**ACTION ITEM**
Look through the material below. Copy each line that contains the string "mein".

======== PROVIDED RECORDS

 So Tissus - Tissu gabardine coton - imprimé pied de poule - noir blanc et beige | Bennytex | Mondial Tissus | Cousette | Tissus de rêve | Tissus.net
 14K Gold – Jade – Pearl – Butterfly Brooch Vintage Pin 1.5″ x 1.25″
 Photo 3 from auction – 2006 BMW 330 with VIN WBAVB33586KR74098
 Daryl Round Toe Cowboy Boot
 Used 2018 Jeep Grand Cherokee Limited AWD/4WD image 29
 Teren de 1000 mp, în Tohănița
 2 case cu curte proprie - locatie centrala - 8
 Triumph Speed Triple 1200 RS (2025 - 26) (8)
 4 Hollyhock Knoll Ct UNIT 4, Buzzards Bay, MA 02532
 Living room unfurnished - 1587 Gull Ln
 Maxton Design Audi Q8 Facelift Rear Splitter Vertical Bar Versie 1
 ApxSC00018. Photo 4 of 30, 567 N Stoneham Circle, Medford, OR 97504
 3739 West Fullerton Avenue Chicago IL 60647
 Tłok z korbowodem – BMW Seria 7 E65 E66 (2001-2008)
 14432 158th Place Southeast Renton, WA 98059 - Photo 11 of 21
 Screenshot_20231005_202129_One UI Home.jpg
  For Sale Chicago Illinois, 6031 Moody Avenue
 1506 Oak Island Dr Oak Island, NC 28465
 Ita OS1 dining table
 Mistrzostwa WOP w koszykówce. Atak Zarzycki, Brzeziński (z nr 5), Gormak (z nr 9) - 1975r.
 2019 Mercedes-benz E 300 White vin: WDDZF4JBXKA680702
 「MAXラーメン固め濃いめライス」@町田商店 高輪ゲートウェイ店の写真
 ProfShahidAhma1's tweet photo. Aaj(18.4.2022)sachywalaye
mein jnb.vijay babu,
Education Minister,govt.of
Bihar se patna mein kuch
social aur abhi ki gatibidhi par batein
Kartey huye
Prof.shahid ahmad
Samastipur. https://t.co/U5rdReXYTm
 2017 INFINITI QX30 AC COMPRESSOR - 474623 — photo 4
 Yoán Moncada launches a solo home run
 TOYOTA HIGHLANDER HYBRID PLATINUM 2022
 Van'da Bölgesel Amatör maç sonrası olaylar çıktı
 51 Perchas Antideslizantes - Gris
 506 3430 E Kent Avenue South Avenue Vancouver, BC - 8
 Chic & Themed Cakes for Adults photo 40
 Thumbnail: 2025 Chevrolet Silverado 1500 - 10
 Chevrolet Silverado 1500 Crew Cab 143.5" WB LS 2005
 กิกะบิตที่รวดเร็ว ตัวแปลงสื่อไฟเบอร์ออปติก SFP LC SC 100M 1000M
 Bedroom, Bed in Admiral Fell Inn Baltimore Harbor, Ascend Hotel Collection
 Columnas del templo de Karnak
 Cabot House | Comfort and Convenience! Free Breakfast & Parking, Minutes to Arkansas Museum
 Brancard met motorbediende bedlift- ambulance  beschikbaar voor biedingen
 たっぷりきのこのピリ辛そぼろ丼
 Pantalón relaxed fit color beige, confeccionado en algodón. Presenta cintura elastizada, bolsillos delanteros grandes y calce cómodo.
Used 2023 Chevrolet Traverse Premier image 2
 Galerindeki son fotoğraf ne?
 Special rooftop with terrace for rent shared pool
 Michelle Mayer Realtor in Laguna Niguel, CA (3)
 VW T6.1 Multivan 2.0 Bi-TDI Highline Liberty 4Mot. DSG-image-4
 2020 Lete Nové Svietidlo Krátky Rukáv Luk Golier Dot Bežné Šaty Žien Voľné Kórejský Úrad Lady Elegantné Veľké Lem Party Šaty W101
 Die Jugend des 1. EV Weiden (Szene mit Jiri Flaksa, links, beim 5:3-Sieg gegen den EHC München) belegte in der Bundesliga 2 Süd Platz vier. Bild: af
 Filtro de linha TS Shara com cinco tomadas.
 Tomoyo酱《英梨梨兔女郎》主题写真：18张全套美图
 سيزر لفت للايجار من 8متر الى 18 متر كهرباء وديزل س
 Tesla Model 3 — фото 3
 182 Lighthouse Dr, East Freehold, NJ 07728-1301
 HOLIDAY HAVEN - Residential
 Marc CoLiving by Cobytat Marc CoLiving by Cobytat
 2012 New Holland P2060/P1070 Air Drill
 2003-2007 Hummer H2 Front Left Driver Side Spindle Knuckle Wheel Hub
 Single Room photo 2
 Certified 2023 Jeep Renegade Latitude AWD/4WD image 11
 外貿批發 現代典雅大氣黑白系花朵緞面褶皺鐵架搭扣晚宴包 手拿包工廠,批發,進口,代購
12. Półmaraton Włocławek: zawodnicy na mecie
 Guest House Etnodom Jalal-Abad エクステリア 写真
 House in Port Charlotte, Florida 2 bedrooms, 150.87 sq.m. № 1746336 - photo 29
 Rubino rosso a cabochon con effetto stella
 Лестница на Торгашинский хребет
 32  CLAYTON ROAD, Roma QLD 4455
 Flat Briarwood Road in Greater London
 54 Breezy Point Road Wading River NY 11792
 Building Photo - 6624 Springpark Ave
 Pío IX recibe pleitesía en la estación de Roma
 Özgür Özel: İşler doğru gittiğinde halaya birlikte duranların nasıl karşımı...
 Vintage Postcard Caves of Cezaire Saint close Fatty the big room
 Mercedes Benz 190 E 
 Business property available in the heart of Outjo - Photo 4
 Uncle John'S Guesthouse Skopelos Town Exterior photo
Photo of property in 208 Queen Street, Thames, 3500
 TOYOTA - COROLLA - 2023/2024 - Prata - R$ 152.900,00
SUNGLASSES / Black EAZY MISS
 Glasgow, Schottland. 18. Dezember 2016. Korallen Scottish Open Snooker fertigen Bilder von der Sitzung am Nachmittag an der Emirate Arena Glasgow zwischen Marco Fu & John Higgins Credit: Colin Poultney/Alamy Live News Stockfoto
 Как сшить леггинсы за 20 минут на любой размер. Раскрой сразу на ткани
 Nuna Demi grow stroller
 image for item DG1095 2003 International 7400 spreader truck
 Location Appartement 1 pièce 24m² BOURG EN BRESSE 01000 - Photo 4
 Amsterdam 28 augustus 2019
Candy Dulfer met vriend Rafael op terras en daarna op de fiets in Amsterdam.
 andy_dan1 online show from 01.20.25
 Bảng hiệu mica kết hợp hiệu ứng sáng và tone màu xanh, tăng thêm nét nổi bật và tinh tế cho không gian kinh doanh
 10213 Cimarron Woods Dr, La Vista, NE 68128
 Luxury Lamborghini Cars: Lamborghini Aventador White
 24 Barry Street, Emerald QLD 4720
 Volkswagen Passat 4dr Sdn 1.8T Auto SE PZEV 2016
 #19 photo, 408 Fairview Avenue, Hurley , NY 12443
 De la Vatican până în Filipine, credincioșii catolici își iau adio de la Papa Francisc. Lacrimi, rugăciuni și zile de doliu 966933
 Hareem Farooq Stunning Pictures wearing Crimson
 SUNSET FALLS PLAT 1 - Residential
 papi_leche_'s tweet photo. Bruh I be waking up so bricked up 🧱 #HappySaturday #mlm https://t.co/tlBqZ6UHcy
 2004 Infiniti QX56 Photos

================

**TASK SOLUTION**
mein jnb.vijay babu,
Bihar se patna mein kuch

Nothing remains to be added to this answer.